Ibrahim traoré rejette la démocratie au Burkina Faso et défend un nouveau modèle politique

Le capitaine Ibrahim Traoré remet en cause la démocratie et prône une rupture politique au Burkina Faso

Portrait du capitaine Ibrahim Traoré en tenue militaire beige et béret rouge, symbole de la junte au pouvoir au Burkina Faso.

Lors d’une interview diffusée à la télévision nationale, le capitaine Ibrahim Traoré, chef de l’État burkinabè, a tenu des propos radicaux sur le système démocratique. Il a affirmé que la démocratie était une notion étrangère à l’Afrique et a encouragé la population à « l’oublier » définitivement.

Ce dirigeant militaire, au pouvoir depuis trois ans après un coup d’État, a justifié sa position en déclarant : « La démocratie n’est pas pour nous. » Il a également comparé la situation du Burkina Faso à celle de la Libye, évoquant l’instabilité persistante dans ce pays après la chute de Mouammar Kadhafi.

Une promesse de transition reportée et un pouvoir prolongé

En 2022, Ibrahim Traoré s’était engagé à rétablir l’ordre constitutionnel d’ici juillet 2024. Pourtant, deux mois avant cette date butoir, la junte a décidé de prolonger son mandat de cinq ans, repoussant ainsi toute perspective de retour à la démocratie.

Cette décision s’inscrit dans un contexte plus large de restrictions politiques. En janvier 2026, les autorités ont annoncé l’interdiction de tous les partis politiques, les accusant de semer la division et de freiner le projet révolutionnaire en cours.

Un nouveau modèle politique fondé sur la souveraineté et le patriotisme

Le capitaine Traoré a détaillé sa vision d’un système alternatif, qu’il qualifie de « propre approche burkinabè ». Il rejette toute imitation des modèles étrangers et mise sur des valeurs comme la souveraineté, le patriotisme et la mobilisation révolutionnaire.

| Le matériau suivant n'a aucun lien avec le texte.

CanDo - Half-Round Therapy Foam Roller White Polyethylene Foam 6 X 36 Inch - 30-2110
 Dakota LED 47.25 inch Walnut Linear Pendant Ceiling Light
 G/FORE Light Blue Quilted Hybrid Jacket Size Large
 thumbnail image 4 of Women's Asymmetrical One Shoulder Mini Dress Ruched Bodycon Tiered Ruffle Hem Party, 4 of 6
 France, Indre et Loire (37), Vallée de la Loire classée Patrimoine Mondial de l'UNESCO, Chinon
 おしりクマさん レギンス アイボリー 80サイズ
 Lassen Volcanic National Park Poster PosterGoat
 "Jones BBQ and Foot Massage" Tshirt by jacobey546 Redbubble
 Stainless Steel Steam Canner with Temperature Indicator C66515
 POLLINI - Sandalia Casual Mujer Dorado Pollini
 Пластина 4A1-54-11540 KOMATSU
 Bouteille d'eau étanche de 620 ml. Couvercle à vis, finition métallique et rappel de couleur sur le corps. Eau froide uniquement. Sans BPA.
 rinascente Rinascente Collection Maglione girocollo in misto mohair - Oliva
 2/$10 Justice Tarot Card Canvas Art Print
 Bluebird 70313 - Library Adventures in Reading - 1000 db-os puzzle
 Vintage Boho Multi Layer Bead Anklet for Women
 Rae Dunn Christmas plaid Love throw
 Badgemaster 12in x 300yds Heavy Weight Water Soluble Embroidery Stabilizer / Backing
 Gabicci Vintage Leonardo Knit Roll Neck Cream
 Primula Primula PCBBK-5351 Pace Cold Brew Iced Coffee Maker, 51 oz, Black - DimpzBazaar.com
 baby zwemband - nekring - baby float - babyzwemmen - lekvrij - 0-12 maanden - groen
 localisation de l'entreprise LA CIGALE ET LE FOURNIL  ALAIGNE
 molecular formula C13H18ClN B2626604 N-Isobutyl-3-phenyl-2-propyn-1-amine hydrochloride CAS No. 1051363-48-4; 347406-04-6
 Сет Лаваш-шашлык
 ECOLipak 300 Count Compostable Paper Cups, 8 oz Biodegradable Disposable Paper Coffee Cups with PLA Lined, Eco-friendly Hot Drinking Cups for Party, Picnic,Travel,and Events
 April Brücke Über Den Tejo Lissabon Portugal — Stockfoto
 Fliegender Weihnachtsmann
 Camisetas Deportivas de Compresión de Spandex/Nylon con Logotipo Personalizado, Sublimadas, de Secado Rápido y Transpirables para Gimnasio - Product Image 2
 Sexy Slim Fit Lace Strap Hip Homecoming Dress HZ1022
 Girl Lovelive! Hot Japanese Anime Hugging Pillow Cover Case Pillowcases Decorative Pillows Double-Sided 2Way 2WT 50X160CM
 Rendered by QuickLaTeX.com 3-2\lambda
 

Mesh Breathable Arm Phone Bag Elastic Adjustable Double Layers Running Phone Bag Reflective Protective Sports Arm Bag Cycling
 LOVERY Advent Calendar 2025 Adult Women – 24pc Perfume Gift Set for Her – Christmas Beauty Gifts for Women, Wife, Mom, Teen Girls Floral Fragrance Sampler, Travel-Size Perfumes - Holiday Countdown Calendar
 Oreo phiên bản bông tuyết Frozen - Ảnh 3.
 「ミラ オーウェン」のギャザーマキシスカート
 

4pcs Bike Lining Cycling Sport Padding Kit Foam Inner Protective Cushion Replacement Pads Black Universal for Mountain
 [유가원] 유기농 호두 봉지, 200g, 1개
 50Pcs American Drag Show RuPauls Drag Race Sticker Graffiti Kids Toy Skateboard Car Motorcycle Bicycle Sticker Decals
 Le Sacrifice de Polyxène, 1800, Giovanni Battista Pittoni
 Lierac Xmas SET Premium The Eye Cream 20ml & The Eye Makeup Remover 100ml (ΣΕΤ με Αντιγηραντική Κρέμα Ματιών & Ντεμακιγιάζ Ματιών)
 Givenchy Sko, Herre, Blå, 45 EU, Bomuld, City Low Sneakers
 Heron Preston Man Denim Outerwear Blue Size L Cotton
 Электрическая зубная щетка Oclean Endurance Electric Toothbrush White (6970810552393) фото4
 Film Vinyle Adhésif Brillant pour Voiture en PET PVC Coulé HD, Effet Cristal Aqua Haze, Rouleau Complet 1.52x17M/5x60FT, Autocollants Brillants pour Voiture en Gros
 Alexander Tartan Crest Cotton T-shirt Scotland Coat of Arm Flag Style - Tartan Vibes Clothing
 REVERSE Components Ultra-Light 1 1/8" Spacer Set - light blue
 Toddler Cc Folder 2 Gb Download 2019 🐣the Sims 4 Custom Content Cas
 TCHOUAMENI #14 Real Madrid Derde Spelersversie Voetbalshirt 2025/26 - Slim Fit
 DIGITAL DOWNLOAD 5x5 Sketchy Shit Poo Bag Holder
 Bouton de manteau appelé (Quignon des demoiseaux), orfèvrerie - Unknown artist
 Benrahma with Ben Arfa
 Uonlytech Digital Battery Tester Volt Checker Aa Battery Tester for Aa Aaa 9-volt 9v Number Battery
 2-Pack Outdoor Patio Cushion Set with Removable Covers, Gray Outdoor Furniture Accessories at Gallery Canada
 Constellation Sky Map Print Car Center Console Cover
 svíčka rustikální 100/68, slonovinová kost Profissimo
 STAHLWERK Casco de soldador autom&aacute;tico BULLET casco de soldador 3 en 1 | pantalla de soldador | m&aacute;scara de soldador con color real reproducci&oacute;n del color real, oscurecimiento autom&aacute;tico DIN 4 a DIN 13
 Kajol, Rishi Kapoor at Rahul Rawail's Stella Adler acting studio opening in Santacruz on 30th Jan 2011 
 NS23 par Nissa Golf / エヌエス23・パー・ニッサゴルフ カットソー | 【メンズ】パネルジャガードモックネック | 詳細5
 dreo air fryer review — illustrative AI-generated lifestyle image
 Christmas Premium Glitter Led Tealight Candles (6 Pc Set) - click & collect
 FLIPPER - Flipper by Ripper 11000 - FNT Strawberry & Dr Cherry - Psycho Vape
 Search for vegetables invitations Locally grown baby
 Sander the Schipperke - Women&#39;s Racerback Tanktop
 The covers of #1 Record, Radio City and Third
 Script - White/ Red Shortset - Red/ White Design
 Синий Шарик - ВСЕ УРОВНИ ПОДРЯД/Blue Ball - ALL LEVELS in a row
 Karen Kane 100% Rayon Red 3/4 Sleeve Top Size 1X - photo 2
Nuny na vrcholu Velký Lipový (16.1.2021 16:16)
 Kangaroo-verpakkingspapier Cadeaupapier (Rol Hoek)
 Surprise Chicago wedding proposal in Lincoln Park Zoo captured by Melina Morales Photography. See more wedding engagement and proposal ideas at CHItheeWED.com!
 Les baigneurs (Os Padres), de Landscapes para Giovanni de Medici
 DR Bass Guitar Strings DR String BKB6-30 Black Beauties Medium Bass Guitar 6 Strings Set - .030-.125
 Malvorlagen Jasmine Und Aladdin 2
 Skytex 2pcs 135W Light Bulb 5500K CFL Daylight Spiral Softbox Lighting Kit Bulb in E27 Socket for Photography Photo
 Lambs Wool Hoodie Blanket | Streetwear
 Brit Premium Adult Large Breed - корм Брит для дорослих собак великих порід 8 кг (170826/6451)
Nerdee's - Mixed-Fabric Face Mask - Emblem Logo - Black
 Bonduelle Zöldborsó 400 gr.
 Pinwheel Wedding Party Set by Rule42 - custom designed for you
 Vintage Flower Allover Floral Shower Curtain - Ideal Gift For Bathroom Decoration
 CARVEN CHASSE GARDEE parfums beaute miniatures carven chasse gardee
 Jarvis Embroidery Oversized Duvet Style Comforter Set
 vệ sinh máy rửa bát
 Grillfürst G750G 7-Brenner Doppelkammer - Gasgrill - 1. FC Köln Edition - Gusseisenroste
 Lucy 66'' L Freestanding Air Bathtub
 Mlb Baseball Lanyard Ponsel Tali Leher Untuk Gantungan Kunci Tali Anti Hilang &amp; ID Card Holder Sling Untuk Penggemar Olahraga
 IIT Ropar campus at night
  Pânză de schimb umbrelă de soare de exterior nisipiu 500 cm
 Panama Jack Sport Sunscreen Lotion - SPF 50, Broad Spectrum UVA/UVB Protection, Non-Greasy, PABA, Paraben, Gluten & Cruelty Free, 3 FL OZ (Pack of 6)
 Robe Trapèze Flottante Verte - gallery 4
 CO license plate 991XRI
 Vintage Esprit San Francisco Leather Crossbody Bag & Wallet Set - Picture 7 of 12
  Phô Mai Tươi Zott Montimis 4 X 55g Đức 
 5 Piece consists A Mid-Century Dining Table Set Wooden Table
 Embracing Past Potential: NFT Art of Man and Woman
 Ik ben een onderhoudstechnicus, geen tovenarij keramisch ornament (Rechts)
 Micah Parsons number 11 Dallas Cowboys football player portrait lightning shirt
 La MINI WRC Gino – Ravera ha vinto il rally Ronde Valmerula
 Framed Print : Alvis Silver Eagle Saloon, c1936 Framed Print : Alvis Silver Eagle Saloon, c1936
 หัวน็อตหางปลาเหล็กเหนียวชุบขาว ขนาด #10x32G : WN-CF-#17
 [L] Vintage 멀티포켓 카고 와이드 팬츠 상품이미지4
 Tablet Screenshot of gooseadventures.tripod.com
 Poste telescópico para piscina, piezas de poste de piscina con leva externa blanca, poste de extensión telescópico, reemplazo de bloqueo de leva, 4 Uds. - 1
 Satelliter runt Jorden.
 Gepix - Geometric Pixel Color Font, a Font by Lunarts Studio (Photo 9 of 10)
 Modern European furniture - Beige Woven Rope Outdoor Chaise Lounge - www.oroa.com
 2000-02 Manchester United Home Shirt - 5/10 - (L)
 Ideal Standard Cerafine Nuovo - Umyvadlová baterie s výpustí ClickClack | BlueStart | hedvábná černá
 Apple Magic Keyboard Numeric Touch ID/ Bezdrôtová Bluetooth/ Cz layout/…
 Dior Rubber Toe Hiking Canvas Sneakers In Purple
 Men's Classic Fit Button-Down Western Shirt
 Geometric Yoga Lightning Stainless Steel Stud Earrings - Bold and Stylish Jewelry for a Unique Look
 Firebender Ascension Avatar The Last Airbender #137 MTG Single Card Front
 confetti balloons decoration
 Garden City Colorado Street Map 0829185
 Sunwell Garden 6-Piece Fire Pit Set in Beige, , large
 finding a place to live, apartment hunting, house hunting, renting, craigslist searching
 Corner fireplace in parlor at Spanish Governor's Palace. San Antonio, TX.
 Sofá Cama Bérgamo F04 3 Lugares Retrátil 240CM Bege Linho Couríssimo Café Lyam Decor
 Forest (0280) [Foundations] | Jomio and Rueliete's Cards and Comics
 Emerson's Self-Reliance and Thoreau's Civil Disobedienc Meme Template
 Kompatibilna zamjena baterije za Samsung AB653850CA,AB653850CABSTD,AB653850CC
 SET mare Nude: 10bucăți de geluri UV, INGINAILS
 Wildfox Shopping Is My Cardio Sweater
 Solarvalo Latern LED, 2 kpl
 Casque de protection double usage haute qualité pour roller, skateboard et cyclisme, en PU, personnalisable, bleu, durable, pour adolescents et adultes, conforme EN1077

Dans ce cadre, les chefs traditionnels et les structures locales devraient jouer un rôle central. Il a également insisté sur la nécessité d’une autonomie économique et militaire, estimant que les journées de travail classiques ne suffiraient pas à combler le retard du Burkina Faso face aux nations plus développées.

Il a critiqué sans détour les hommes politiques burkinabè, les décrivant comme des « menteurs », des « flagorneurs » et des « beaux parleurs », incarnant tous les vices selon lui.

Une répression accrue et des tensions persistantes

Depuis son arrivée au pouvoir, Ibrahim Traoré a adopté une politique de fermeté envers l’opposition, les médias et la société civile. Des accusations récurrentes visent son gouvernement, notamment celle d’envoyer des détracteurs sur les lignes de front de la lutte contre les groupes armés islamistes.

Malgré ces mesures controversées, le capitaine Traoré bénéficie d’un soutien significatif en Afrique, notamment pour sa critique de l’influence occidentale et son discours panafricaniste. Cette posture a renforcé les liens avec le Mali et le Niger, qui ont également rompu avec la France et se tournent vers la Russie pour obtenir un appui militaire.

Cependant, la situation sécuritaire reste préoccupante. Selon un rapport de Human Rights Watch, plus de 1 800 civils ont péri au Burkina Faso depuis le coup d’État de 2023. Les deux tiers de ces décès seraient imputables à l’armée et aux milices alliées, le reste étant attribué aux groupes armés islamistes.

Un rejet des normes démocratiques au nom de la révolution

Ibrahim Traoré a justifié son rejet de la démocratie en affirmant que les interventions occidentales en faveur de la démocratie s’accompagnaient systématiquement de violences et de chaos. Il a cité l’exemple de la Libye, où la chute de Kadhafi a plongé le pays dans une guerre civile prolongée.

Face à ce constat, il a réaffirmé que le Burkina Faso devait tracer sa propre voie, sans se soucier des attentes internationales. « Nous avons notre propre approche. Nous ne cherchons même pas à copier qui que ce soit », a-t-il déclaré, soulignant ainsi sa détermination à rompre avec les modèles politiques traditionnels.